The end result is that server systems almost universally have more predictable disk I/O demands and noticeably higher cache hits than desktop systems. Under equal fragmentation levels, they’ll fare better.
Whether or not you’d say that server-class systems contain “better” hardware than desktop system is a matter of perspective. Server systems usually provide minimal video capabilities and their CPUs have gigantic caches but are otherwise unremarkable. That only makes sense; playing the newest Resident Evil at highest settings with a smooth frame rate requires substantially more resources than a domain controller for 5,000 users. Despite what many lay people have come to believe, server systems typically don’t work very hard. We build them for reliability, not speed.

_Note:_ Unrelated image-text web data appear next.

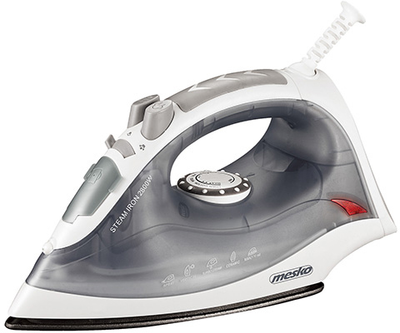 Праска Mesko MS 5037 grey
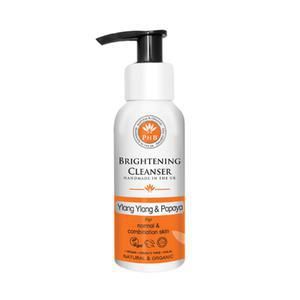 picture of Pharmagel Brightening Cleanser with Ylang Ylang & Papaya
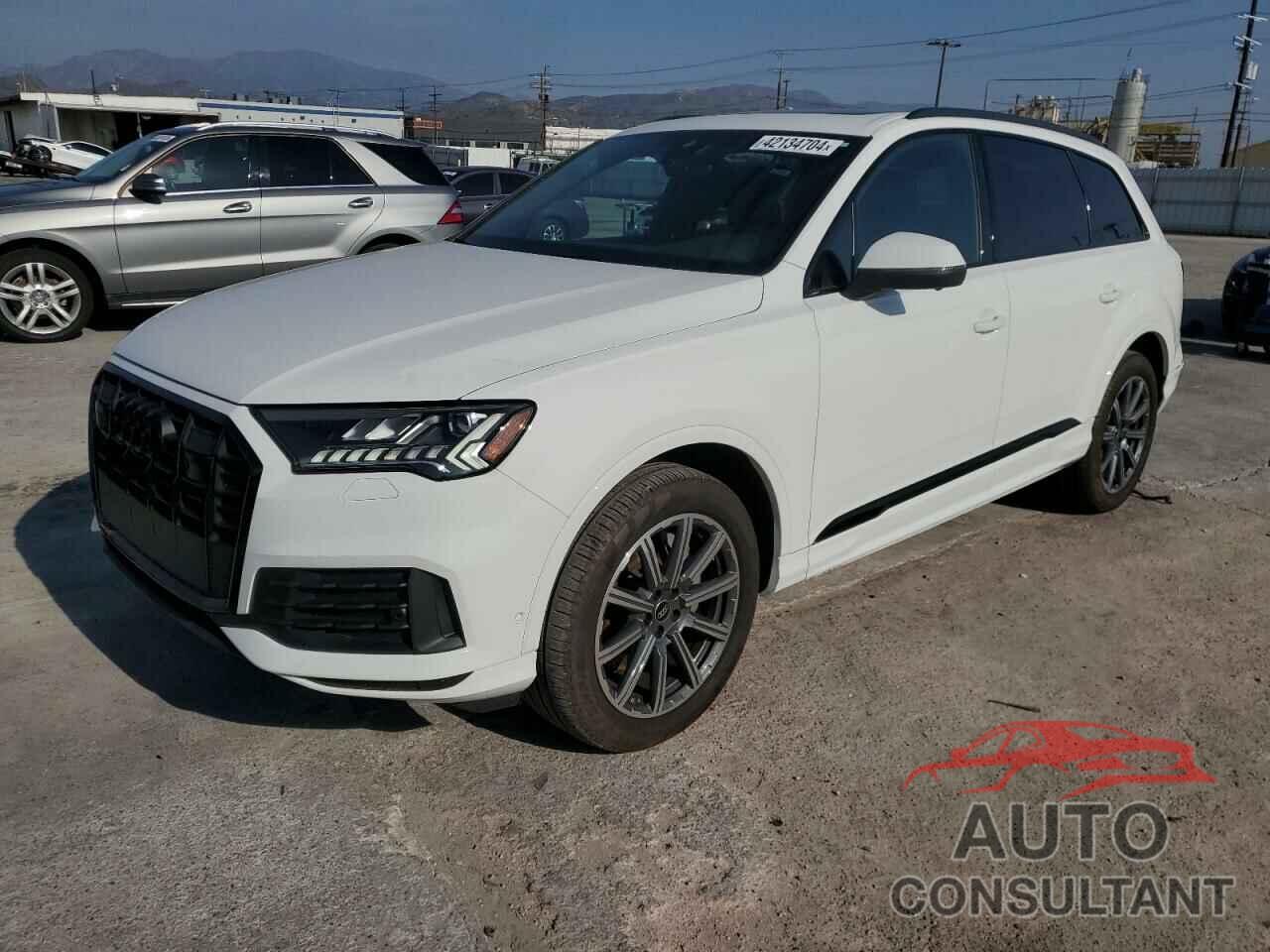 AUDI Q7 2023 - WA1LCBF79PD021673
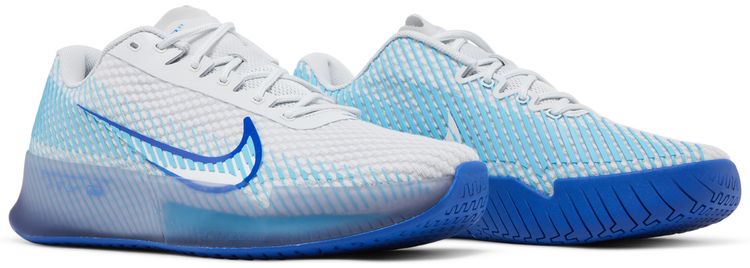 NikeCourt Air Zoom Vapor 11 Photon Dust Baltic Blue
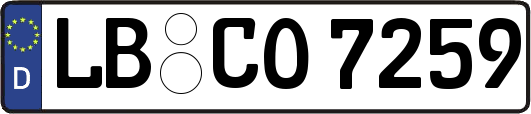 LB-CO7259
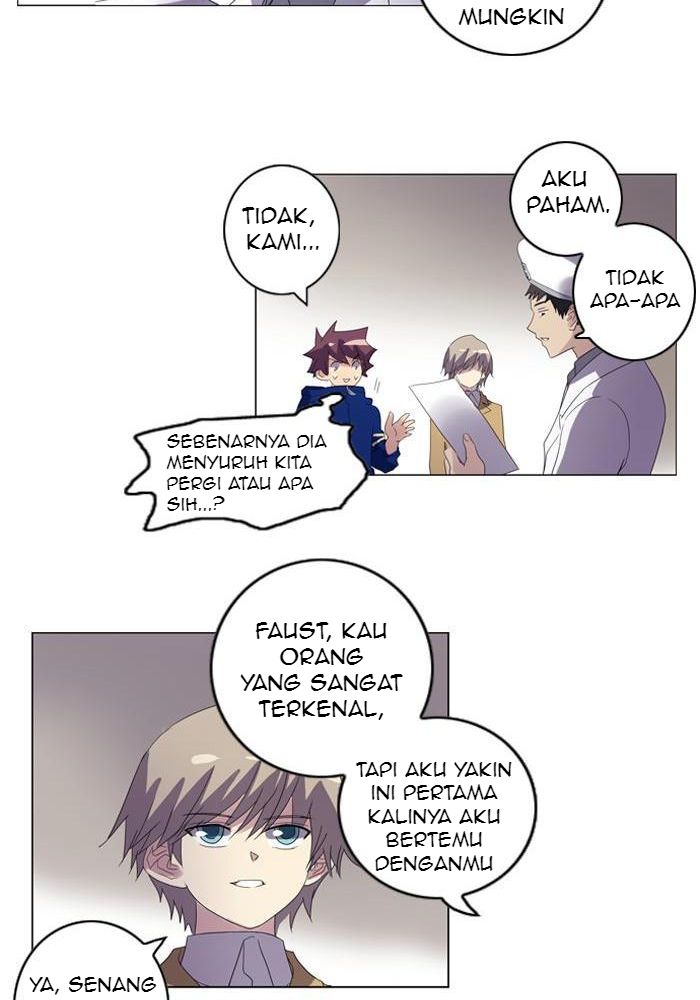 Soul Cartel Chapter 35 Gambar 32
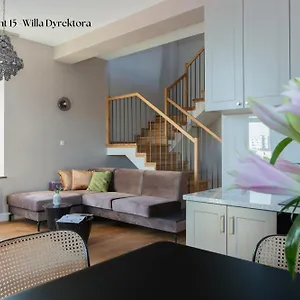 Apartment Browar Hevelius By Dom & House Danzig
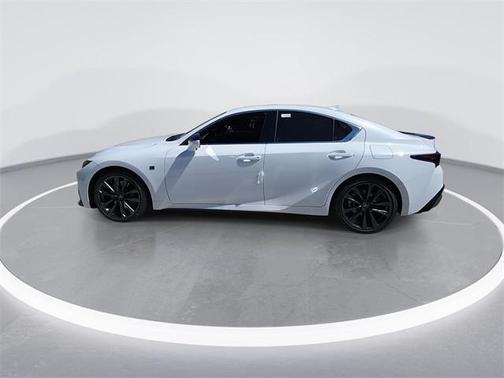 2025 Lexus IS 350 Base
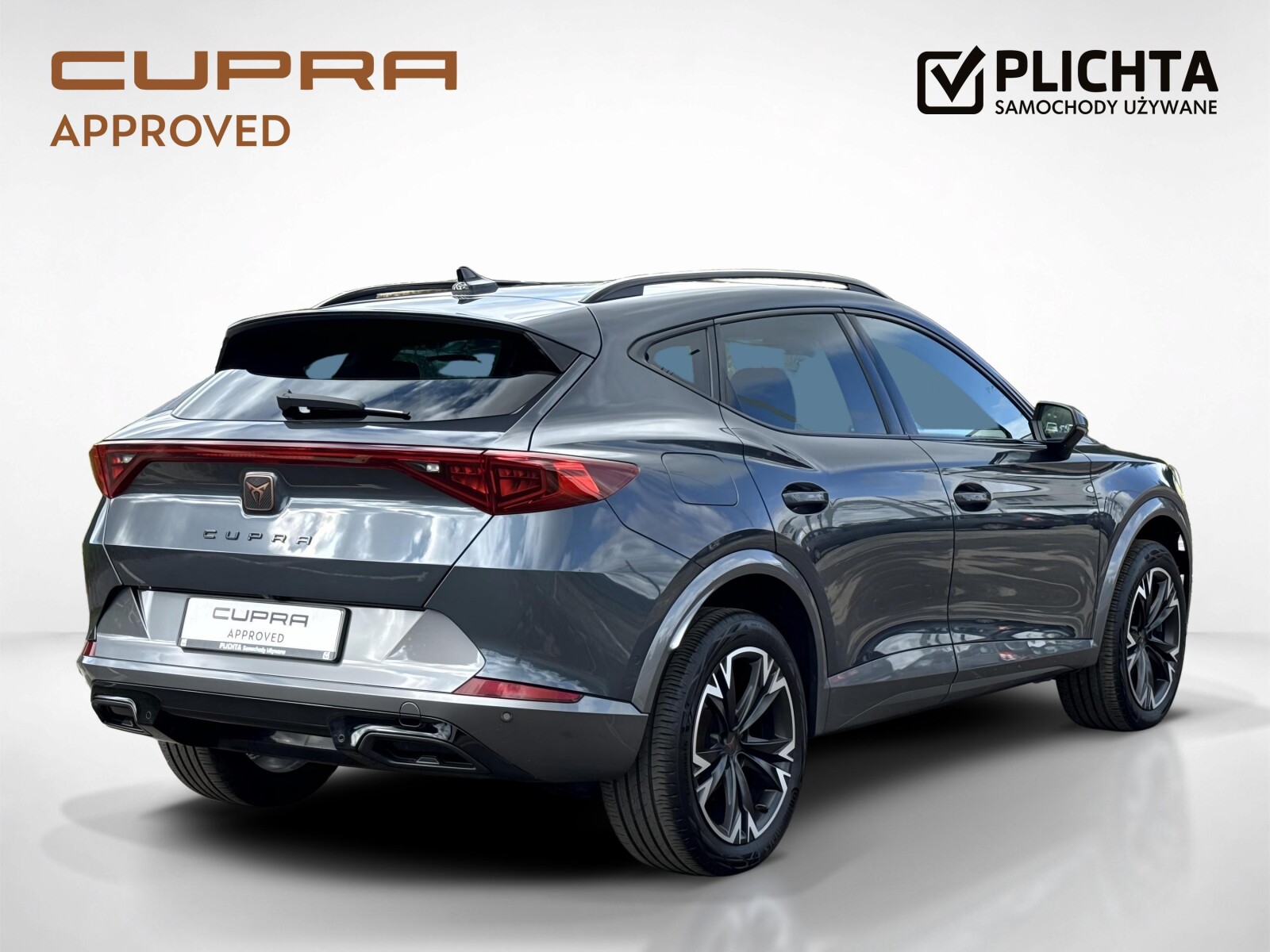 Cupra Formentor - zdjęcie 5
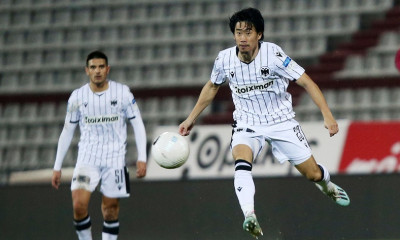 Λαμία-ΠΑΟΚ: Με Καγκάβα για πρώτη φορά στο αρχικό σχήμα ο «Δικέφαλος»! (photos)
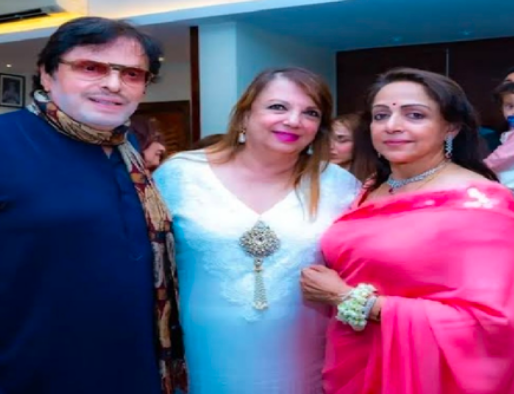 हेमा मालिनी ने खोई अपनी करीबी दोस्त जरीन खान, भावुक होकर लिखा – “एक और प्यारी दोस्त चली गई”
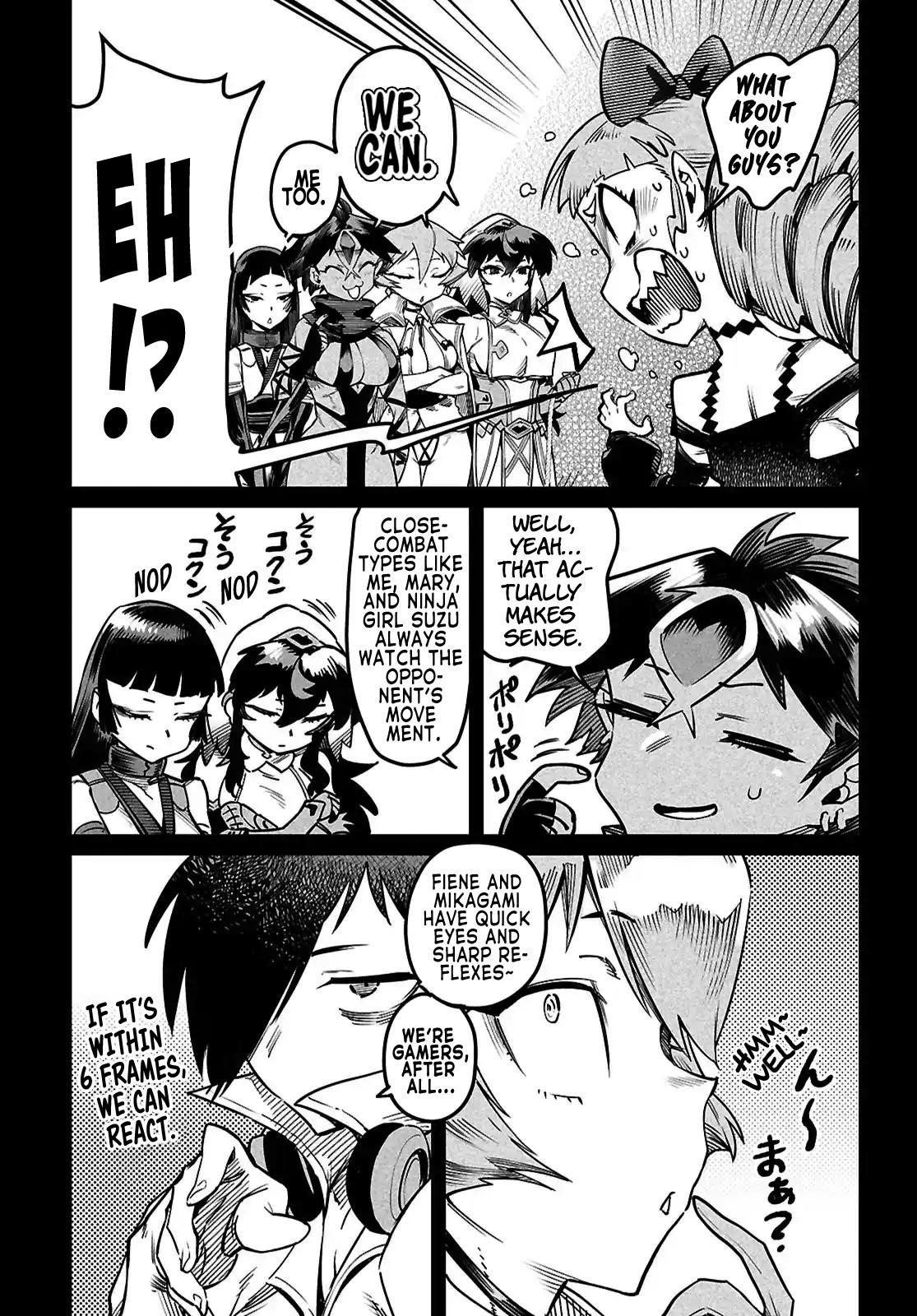 Reincarnation Colosseum – Using The Weakest Skills In Order To Defeat The Strongest Women And Create A Slave Harem Chapter 29 - Page 22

Where servers have an edge is storage. SCSI has a solid record as the premier choice for server-class systems. For many years, it was much more reliable, although the differences are negligible today. One advantage that SCSI drives maintain over their less expensive cousins is higher rotational speeds. Of all the improvements that I mentioned above, the most meaningful advance in IDE drives was the increase of rotational speed from 3,600 RPM to 7,200 RPM. That’s a 100% gain. SCSI drives ship with 10,000 RPM motors (~38% faster than 7,200 RPM) and 15,000 RPM motors (108% faster than 7,200 RPM!).
Spindle speed doesn’t address the reliability issue, though. Hard drives need many components, and a lot of them move. Mechanical failure due to defect or wear is a matter of “when”, not “if”. Furthermore, they are susceptible to things that other component designers don’t even think about. If you get very close to a hard drive and shout at it while it’s powered, you can cause data loss. Conversely, my solid-state phone doesn’t seem to suffer nearly as much as I do even after the tenth attempt to get “OKAY GOOGLE!!!” to work as advertised.
Due to the fragility of spinning disks, almost all server systems architects design them to use multiple drives in a redundant configuration (lovingly known as RAID). The side effect of using multiple disks like this is a speed boost. We’re not going to talk about different RAID types because that’s not important here. The real point is that in practically all cases, a RAID configuration is faster than a single disk configuration. The more unique spindles in an array, the higher its speed.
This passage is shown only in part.